この記事をまとめると
■中谷明彦さんがメルセデス・ベンツEQE SUVに試乗
■4WSによる大柄ボディを感じさせない取り回しのよさが特徴
■ガソリンエンジン換算で33km/L相当の電費性能は魅力的
ユーティリティと空力特性を向上させる最新装備を全部載せ
EVモデルのラインアップ拡充を進めるメルセデスが、新たにEQE SUVを登場させた。その試乗会に参加してきたのでリポートしよう。
ニューモデルはEQE 350 4MATIC SUVというネーミングで、その特徴はEV専用のプラットフォームを採用していること。また、最小回転半径4.8mという国産コンパクトカー並みの最初回転半径と、89kWhの大容量のリチウムイオンバッテリーを搭載し、WLTCモードで一充電走行距離528kmの走行を可能としてるところである。
ボディのディメンションは、全長4880mm、全幅は2030mmで、これはEQE 350+セダンよりも全長は短いが、全幅としては大きくなっている。また、より大きなEQS 450 4MATIC SUVに対しては、ひとまわり小さなディメンションとなっているが、ホイールベースは3030mmとなっていて、これはガソリンエンジンを搭載するGLE 400 dと比べても、より大きな数値となっている。 このホイールベース内のフロア下には89kWhのリチウムイオンバッテリーが配置されているわけだ。
最小回転半径4.8mはリヤ操舵システムによって実現したもの。EQSは5.1m、EQEセダンは4.9mとなっており、同じリヤ操舵角逆相最大10度でありながら、これら2台よりもさらに小さな4.8mを実現しているというところは驚くべきで、取りまわし性の良さをうかがえるところでもある。
今回、空力的なフォルムが洗練され、Cd値は0.25というSUVとしては極めて小さな数値に抑えられた。
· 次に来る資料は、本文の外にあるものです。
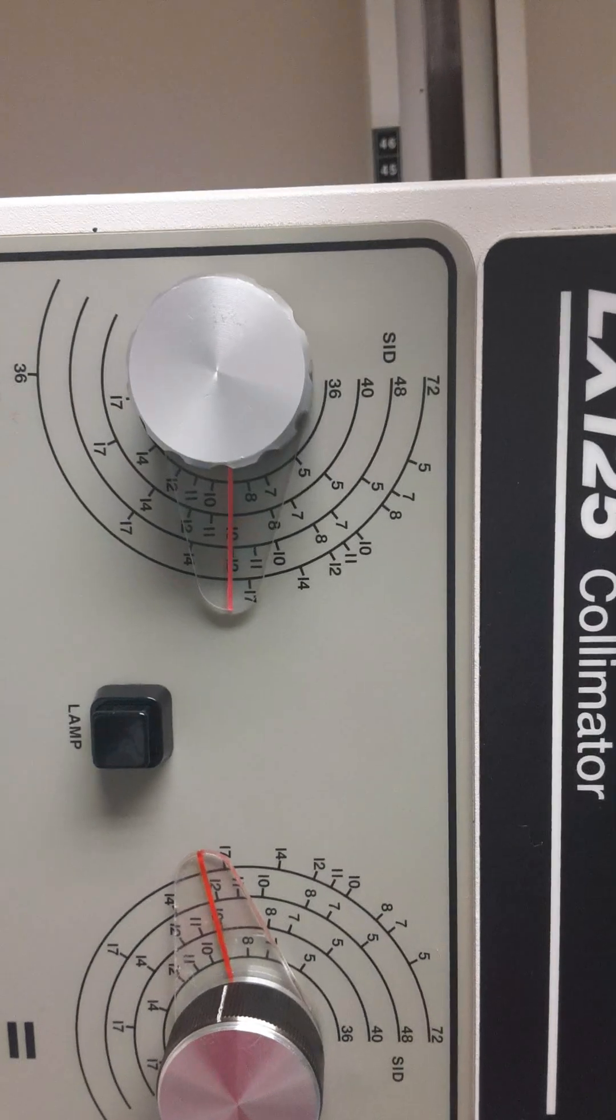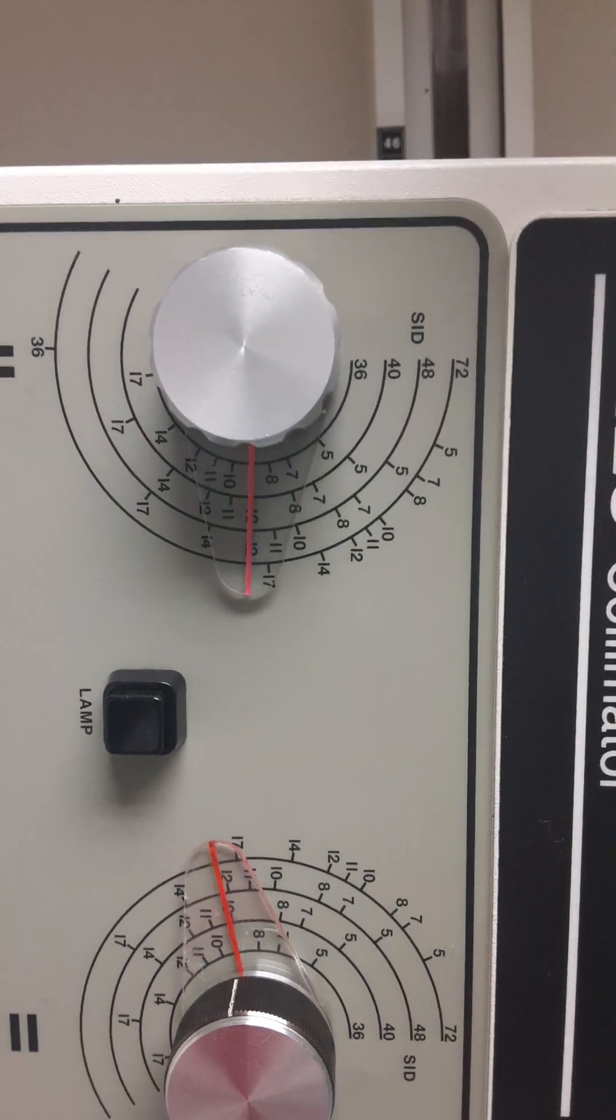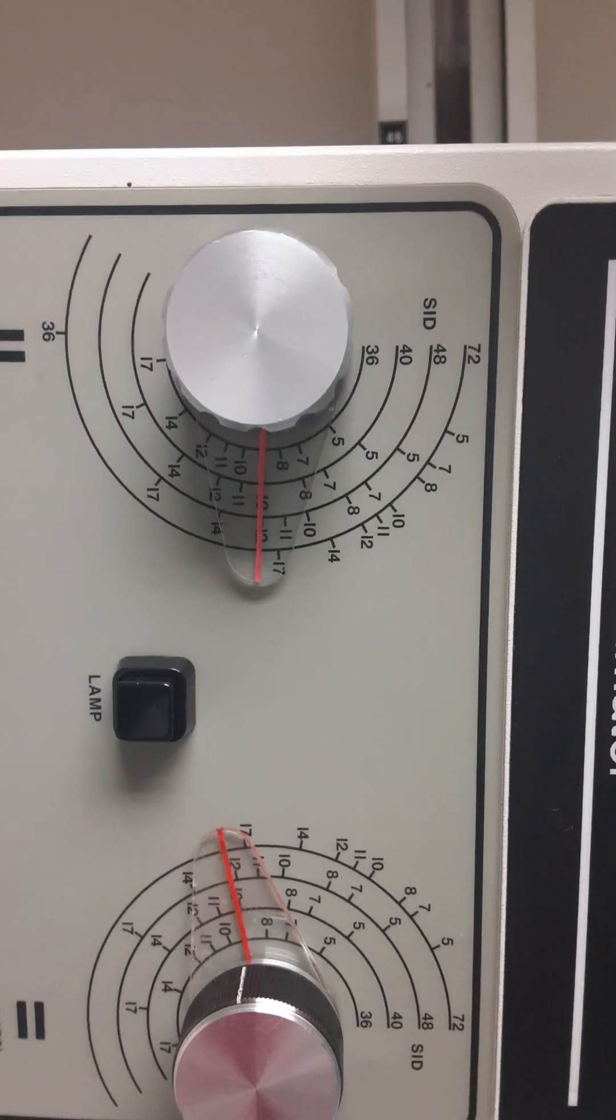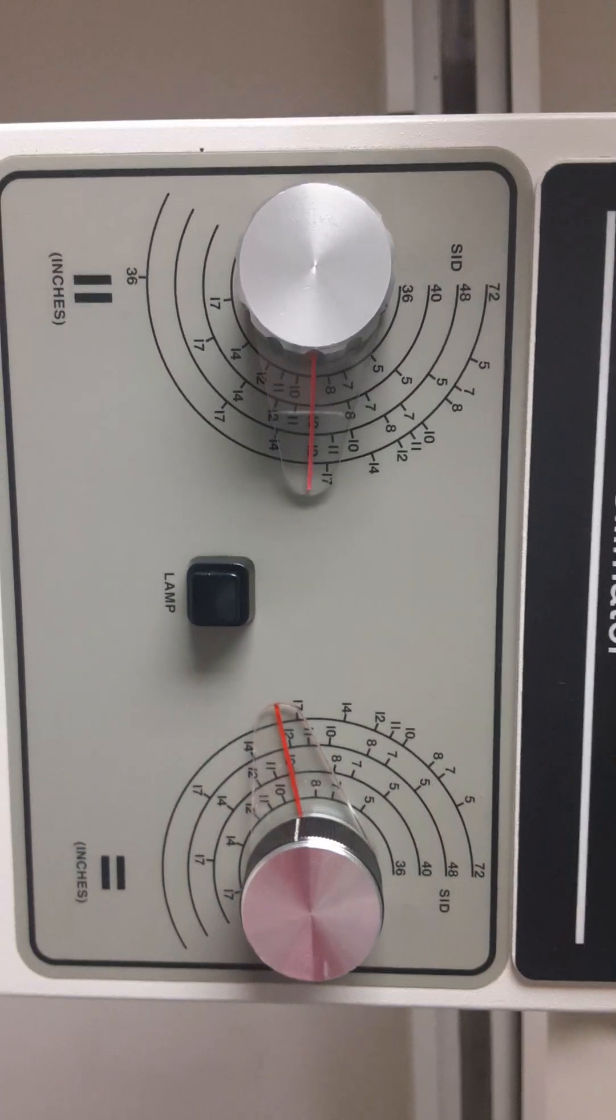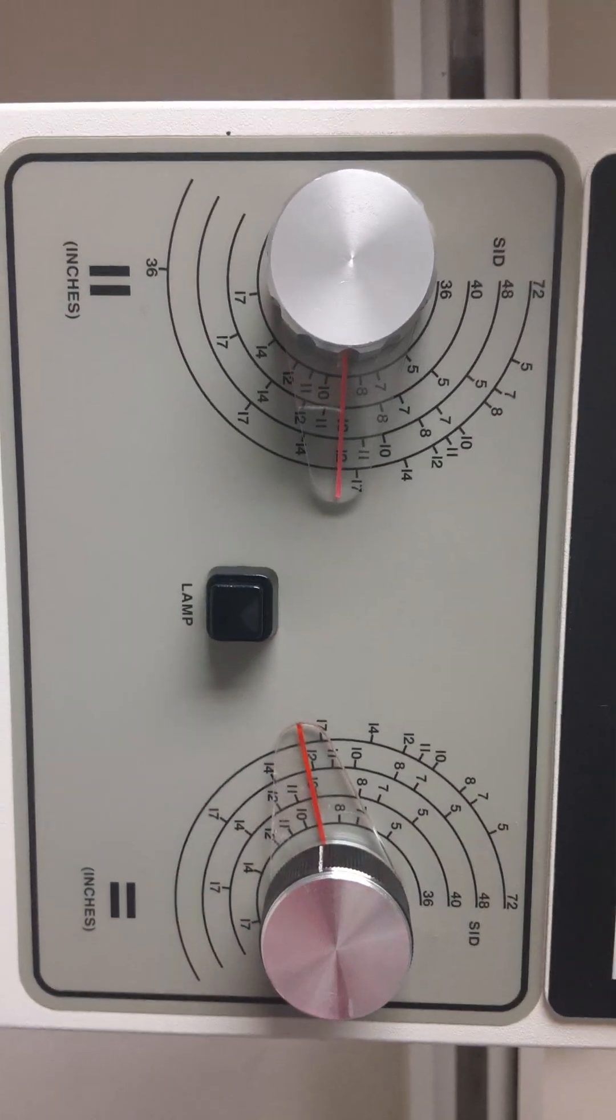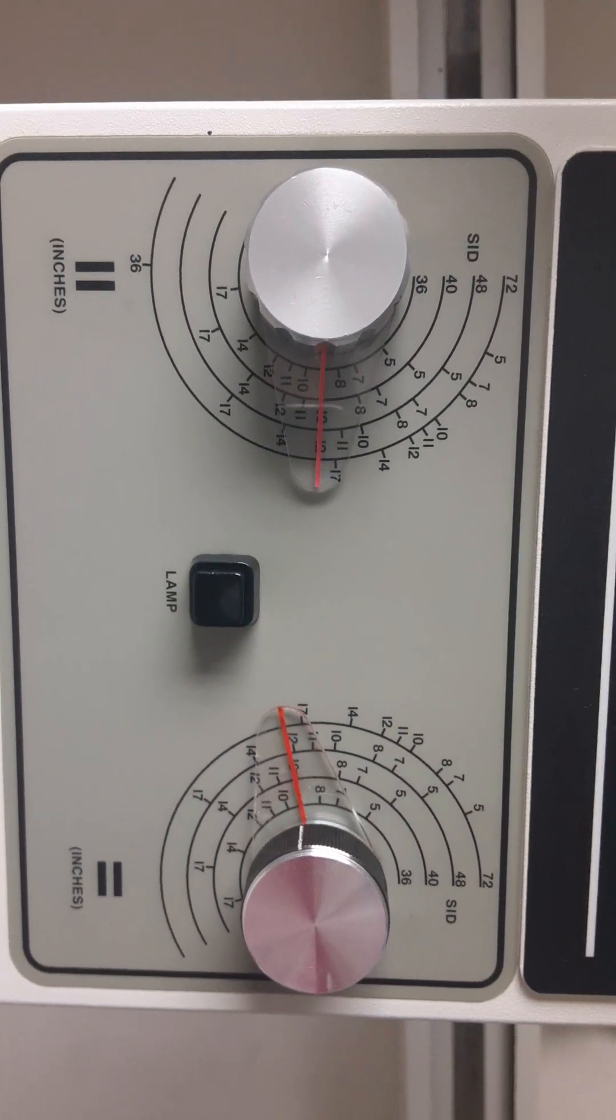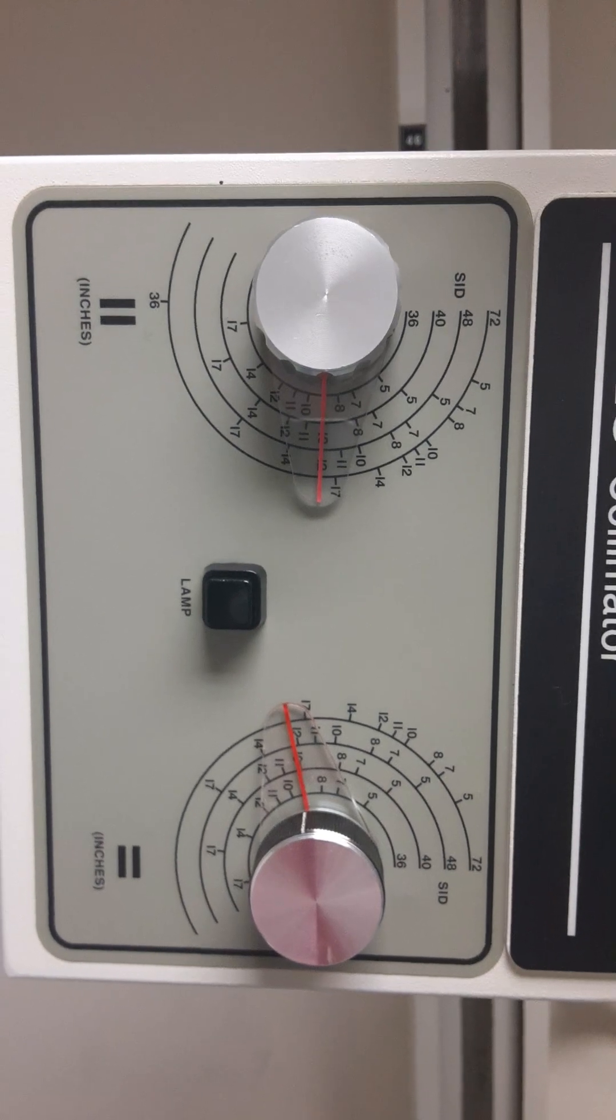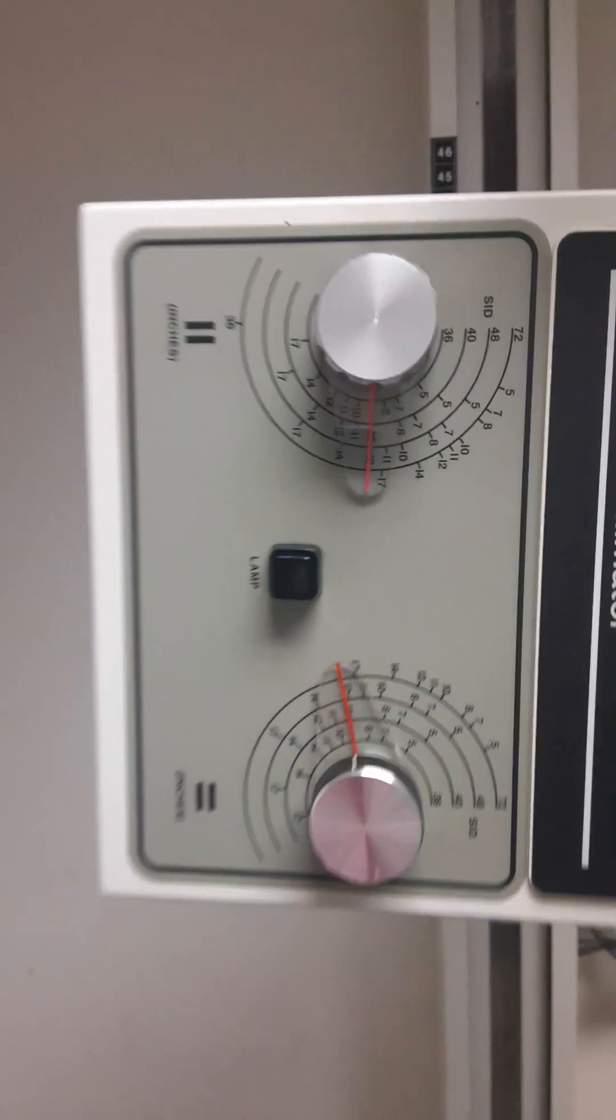We're going by that little line for 40 inches for whatever our collimation needs to be. These tell you if it's moving up and down or side to side, but I just watch the light on the actual bucky itself.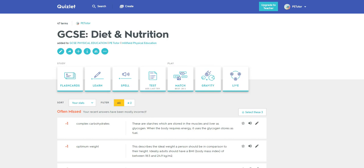Now we're going to look at the test feature in Quizlet, which is really very powerful indeed. It's got lots of different things that we can do, as we will see.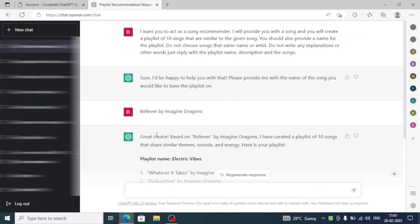Hello guys, welcome back to a new video. Here we are going to create a playlist using ChatGPT.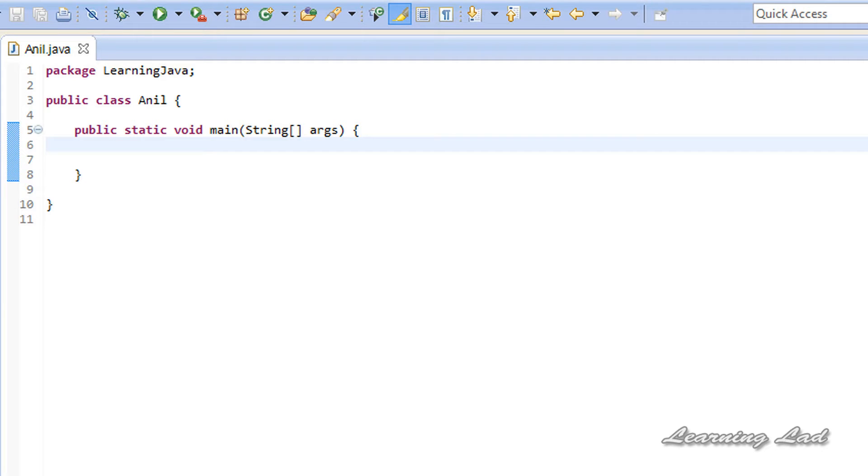Hi, this is Anil and welcome to the video tutorial on Java programming. In this tutorial, we're going to learn about the ternary operator available in Java.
これは、ボディ全面の細かな処理、とくにフロントグリルやバンパー、各パネルの接合部やドアミラーの配置、さらにシームレスドアハンドルやリヤスポイラー、リヤバンパー、アルミホイールのデザインに至るまで、 細部に渡り空力特性を洗練させた結果と言える。
また、車体床下の処理も非常にフラットにされていて、フロントエンドからリヤエンドに至るまで、ほとんどすべての部分がカバーリングされている。 リヤサスペンションアームにもトリムパネルと呼ばれるカバーがなされていて、空気の流れをコントロールしているのも特徴的である。
さらに、プロダクト的なハイライトとしては、効率の向上を高めるためにヒートポンプ式のエアコンを採用していたり、フロントアクスルにディスコネクトユニットという新機構を搭載していることも注目に値する。このディスコネクトユニットは、フロントモーターのドライブトレインに搭載されるもので、デファレンシャルから左右に伸びるドライブシャフトの片側に位置し、状況に応じて駆動輪を切り離すという作動を行っている。
これにより走行抵抗を減らすことが可能で、モーターが駆動するときには瞬時に前輪両輪を駆動することはもちろんだが、 回生時もコネクトするし、コースティングなど不要なときはディスコネクト(切り離す)するという、すべてがオートマチックに行われる仕組みとなっている。メルセデスは、今後のEQシリーズで、フロントモーターを採用する四輪駆動モデルには順次このシステムを導入していく考えだという。